In a couple of days, we’ll be heading for Boston where we will be attending the Boston Early Music Festival (BEMF), which for us is the Boston Marathon! This is the premier festival for early music junkies (like ourselves), which The Times of London calls “the world’s leading festival of early music.” The New York Times says “For fans and performers of early music, Boston is paradise for a week every other June, when the Boston Early Music Festival sets up its combination concert marathon and trade show.” Even the Boston Herald calls it “the early music equivalent of the Super Bowl, the World Series, the Stanley Cup and the NBA playoffs all rolled into one.”
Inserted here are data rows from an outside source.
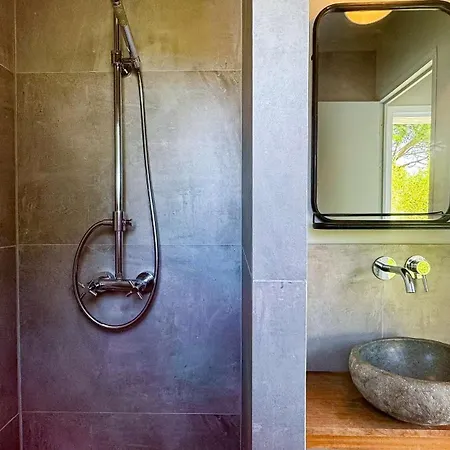 A Proximite De La 圣马丹德雷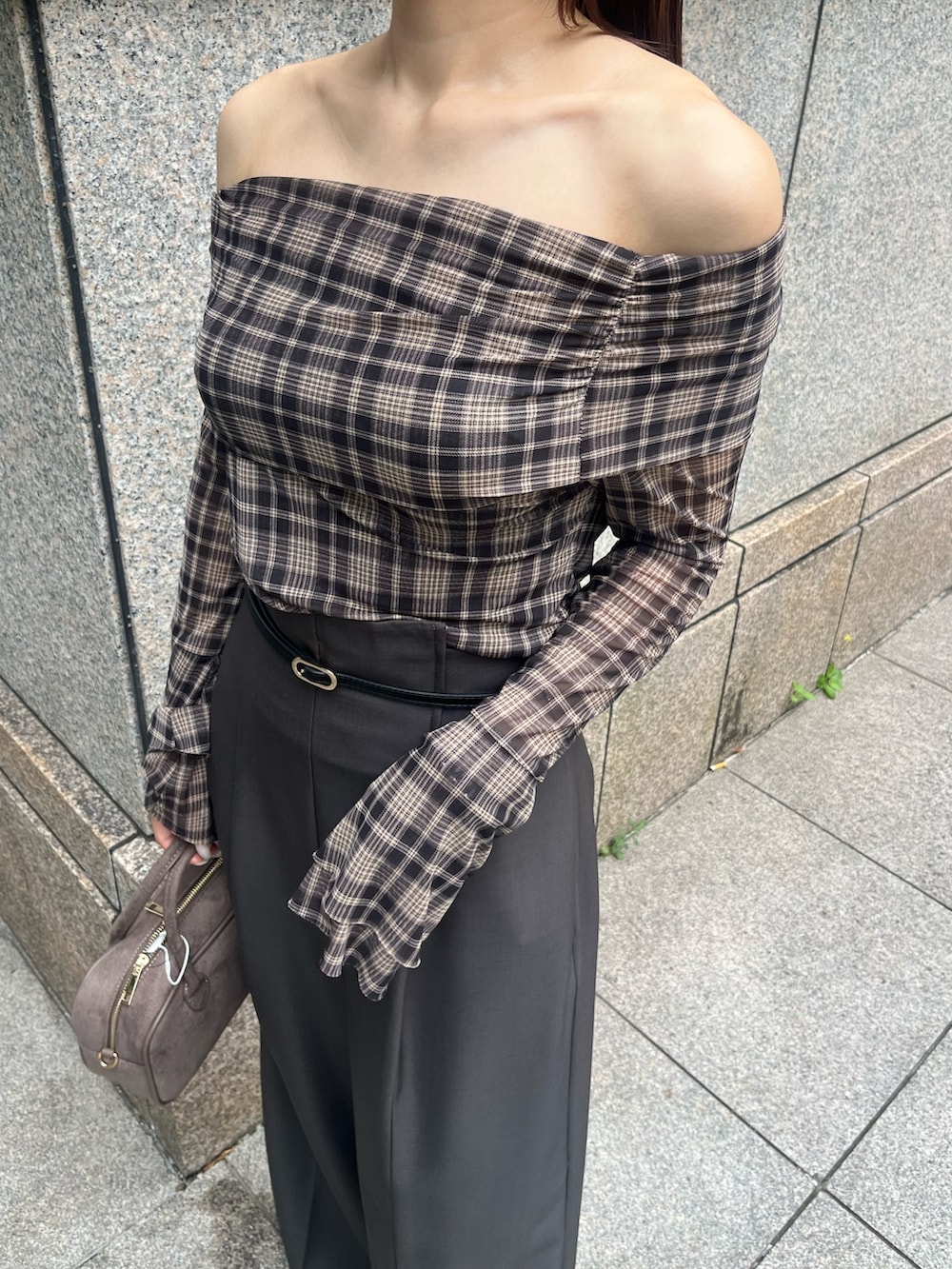 グレー系のその他パンツ、その他のTシャツ/カットソー、ブラウン系のハンドバッグを着用したレディースの秋コーディネートの7枚目の写真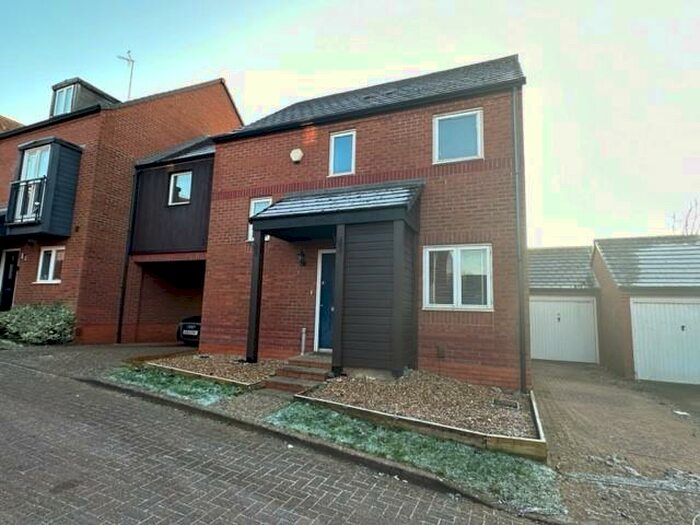 4 Bedroom House To Rent In Alvric Way, Wolverton Mill, MK12
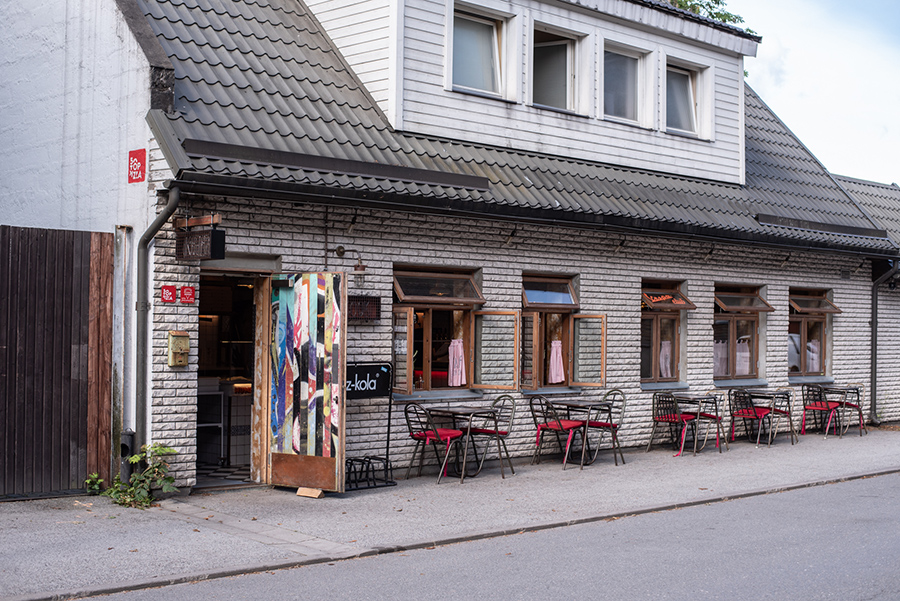 Außenansicht des Kaja Pizza Köök in einer ruhigen Wohnstraße in Tallinn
Two years ago, you may remember that we attended a total of 25 concerts during the week, including back-to-back six concert days (12 concerts in 2 days!) But that was only a drop in the bucket of the more than 100 concerts held during the ten days of the festival. I invite you to go back and read my posts on our marathon of BEMF 2011 concerts:
Boston Early Music Festival
A musical banquet
A little break today (musical instrument exposition)
Six concerts in one day!
Another six concerts
Chance encounters of the close kind
The crown jewel (the opera, Niobe, with Philippe Jarrousky, countertenor)
Sharing BEMF with the world
“Kathy, I’m just not going to do that again!” Carl said two years ago, in spite of hearing all these absolutely fabulous, over-the-top performances. “I’m just too old for all this, and my body won’t take it!” So this year, we are holding tickets for only 17 Festival concerts and only one day with six concerts in a day, followed by a day with five concerts. But that won’t include the so-called “fringe” concerts which are held all over the city of Boston. Click here to see this enormous list of these fabulous musical offerings, a virtual marathon of musical banquets!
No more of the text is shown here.